NASA-IMPACT / csdap-cumulus

SmallSat Cumulus Deployment
Other
1 stars 0 forks source link

Ingest WV02_Pan_L1B granules into Production from MCP #349

Open jsrikish opened 3 months ago

jsrikish commented 3 months ago

Ingest granules in collection WV02_Pan_L1B to CBA Prod by discovering/ingesting from MCP account.

Acceptance criteria

To determine how many granules have been processed, first enter the Docker container:

DOTENV=.env.cba-prod make bash

In the container, run the following:

DEBUG=1 cumulus granules list -? collectionId=WV02_Pan_L1B___1 --limit=0 -? status=completed

(note: due to a Cumulus bug, sometimes the status does not get properly updated. Try running these to match the numbers)

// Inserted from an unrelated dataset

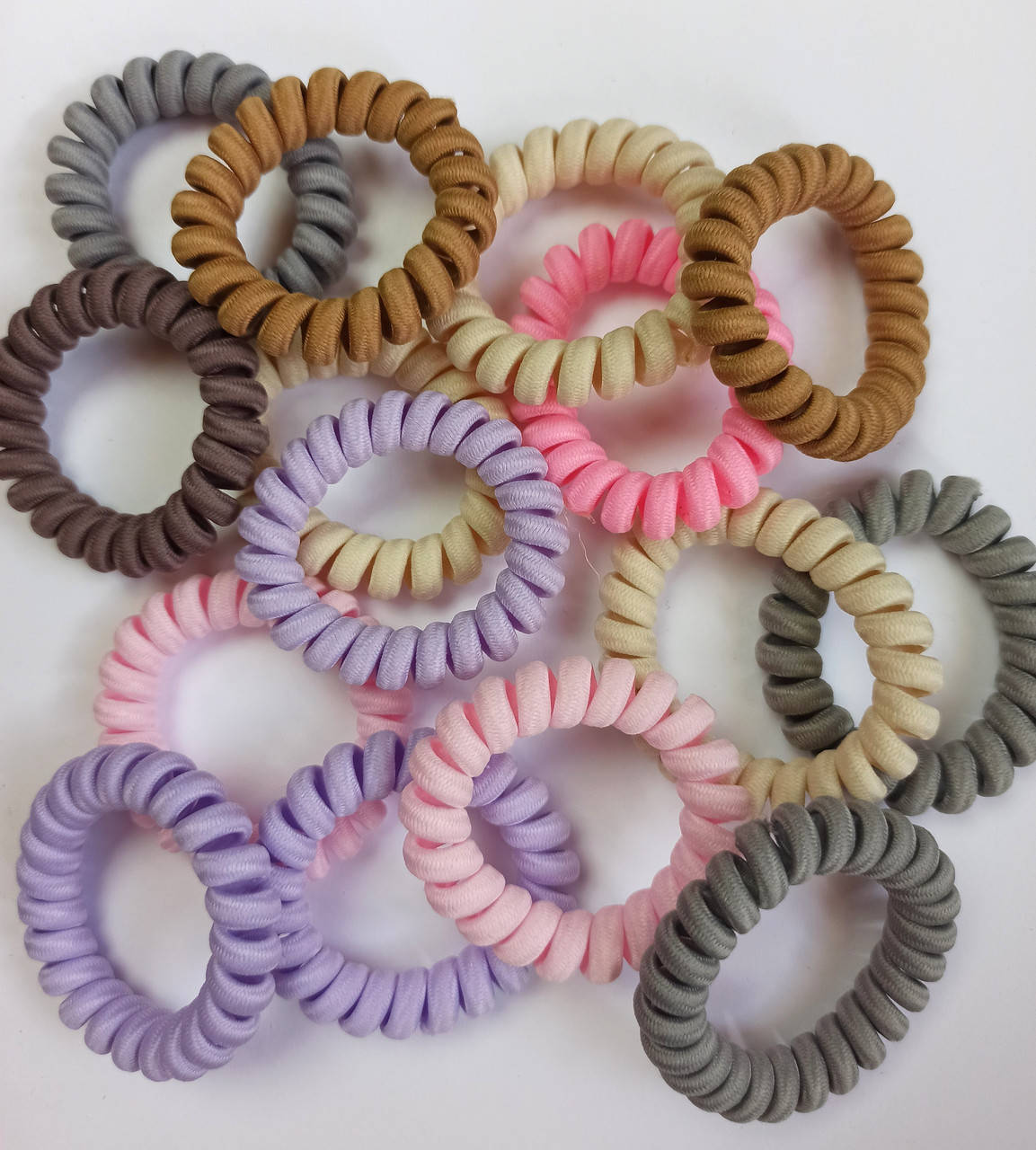 

Резинка для волос Пружинка Микс цветов 5 см Цена за 10 шт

DEBUG=1 cumulus granules list -? collectionId=WV02_Pan_L1B___1 --limit=0
DEBUG=1 cumulus granules list -? collectionId=WV02_Pan_L1B___1 --limit=0 -? status=queued
DEBUG=1 cumulus granules list -? collectionId=WV02_Pan_L1B___1 --limit=0 -? status=running
DEBUG=1 cumulus granules list -? collectionId=WV02_Pan_L1B___1 --limit=0 -? status=completed
DEBUG=1 cumulus granules list -? collectionId=WV02_Pan_L1B___1 --limit=0 -? status=failed

You should see output similar to the following:

...
RESPONSE: {
  statusCode: 200,
  body: '{"meta":{"name":"cumulus-api","stack":"cumulus-prod","table":"granule","limit":0,"page":1,"count":8592},"results":[]}',
  headers: {
    'x-powered-by': 'Express',
    'access-control-allow-origin': '*',
    'strict-transport-security': 'max-age=31536000; includeSubDomains',
    'content-type': 'application/json; charset=utf-8',
    'content-length': '114',
    etag: 'W/"72-O2wUXhu+Q9J1hqdDrb0fcsZeFHo"',
    date: 'Fri, 01 Dec 2023 21:29:19 GMT',
    connection: 'close'
  },
  isBase64Encoded: false
}
[]

In particular, look at the value for body and within it, locate the value of "count". In the output above, the count should match the Earthdata Search granule count obtained in the very first step.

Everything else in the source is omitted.